Review: This is one of these books that give you the minimum of information on a subject that may be interesting to you but you are not sure if you want to go into depth about it.  It would make a great book for people who want to put together a starter kit for someone who is looking into subjects to study but are not sure yet if this is the thing they want to pursue. 

The book is interesting in that the author tried to differentiate between the literary and archeological evidence and present each one separately.  He also showed the context in which these literary sources were written.  He also showed how the Druid caste changed from the years between 400 BCE and 400 CE and how the society of which they were a part also changed. 

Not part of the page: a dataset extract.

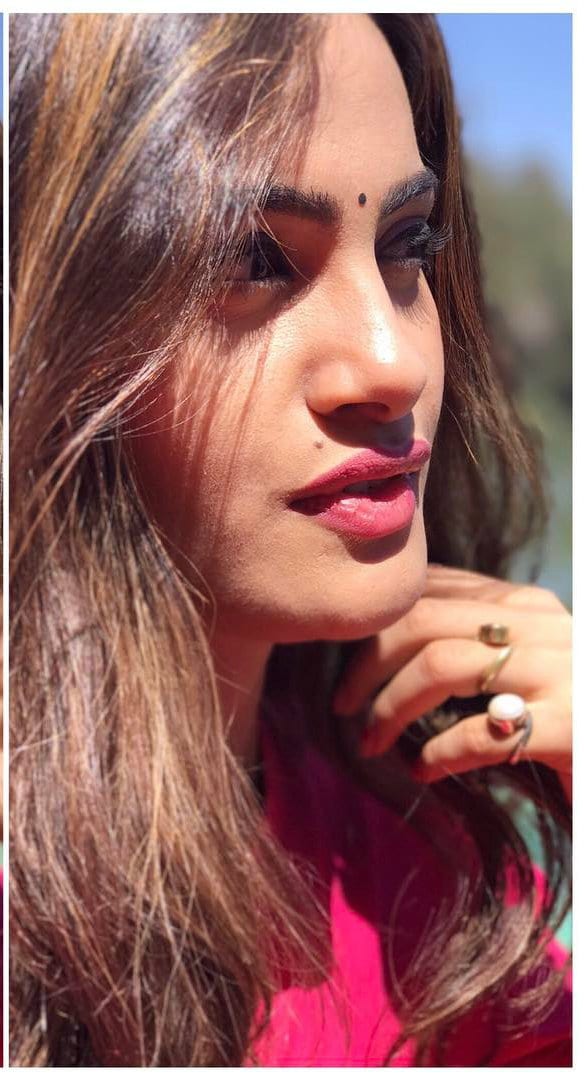 Sakshi Dwivedi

There might be something in this book that might come as a surprise to people who have been studying the Celts.  The author has been putting forward the theory that the Celts had actually originated in Atlantic Europe as opposed to the theory that they spread from Central Europe.  This has been put forward as a theory by Cunliffe in 2001 and then seems to have gained some momentum with the finds by John T. Koch in his book Tartessian: Celtic in the South-west at the Dawn of History (Celtic Studies Publications).   In this book Professor Cunliffe is making the assumption that the Celts originated in Atlanitc Europe and presents his findings with that in mind. 

I really enjoyed this book as I have enjoyed everything that Professor Barry Cunliffe wrote.  The further reading part of the book is amazing in that it breaks down the most important books you can read on the Celts, the Druids, and the Celtic Religion.  Even though this is the minimum you can know about the Druids it gives a very good basis for which you can launch your own research if you like or say that you know about the Druids and leave at that if that is your wish.   


The Festival of Lughnasa by Máire MacNeill

Synopsis From Liriocht.com: Garland Sunday and Domhnach Chrom Dubh are two of the many names of a  festival celebrated by Irish country people at the end of July or the  beginning of August.  It marked the end of summer and the beginning of  harvest season, and on that day the first meal of the year’s new food  crop was eaten.

The chief custom was the resorting by the rural  communities to certain heights or water-sides to spend the day in  festivity, sports, and bilberry-picking.  The custom existed also in the  Isle of Man, Wales and in the north of England.  Formerly it must have  been general in all Celtic lands for there is no doubt that it is a  survival of Lughnasa (Lugnasad), the Celtic festival held on the first  of August.

In the description of the celebration much emerges of  the old life of the countryside, and so the study is, in part, a  contribution to social history.  Moreover, as the people preserved  legends of the origin of the festival and of the assembly sites, it has  been possible to show a correspondence with ancient mythology, as  expressed in Irish Literature and in the cult-figures of Roman Gaul.

The dominant myth of the festival is brought to light.

Review: This is one of these books that everyone interested in the Irish year and who can afford it should get it.  I couldn’t believe my luck when they had a new edition printed in 2008 and once I could get a copy of it I snapped it up.  The book was first written in 1962 and it is a study the festival of Lughnasa as it was celebrated in Ireland in the last two hundred years (before 1962). The sources for the book came from questionnaires done by people in Ireland as well as a look at Irish folklore and customs.  The author also used journals and travel books associated with Irish culture and customs. However, these aren’t the only sources.

This book describes the festival as it was celebrated before, as the popular celebration and high point of the agricultural year.  It gives evidence of the past history of the assemblies where possible and it seeks to discover the ancient myths concealed in the stories and the religious concepts which informed the customs.  It is interesting to note that the celebrations were of the harvest of the main crop in the country, in the beginning that was corn but later on it became potatoes.  This is interesting because it shows that it is not something static but changes as the society needs change.

The book is amazing and a great wealth of information.  I wish the same had been done for all of the other festivals in the Irish year, be it Christian or Pagan.  I highly doubt there is a more in depth study done on the Irish year with the same kind of information.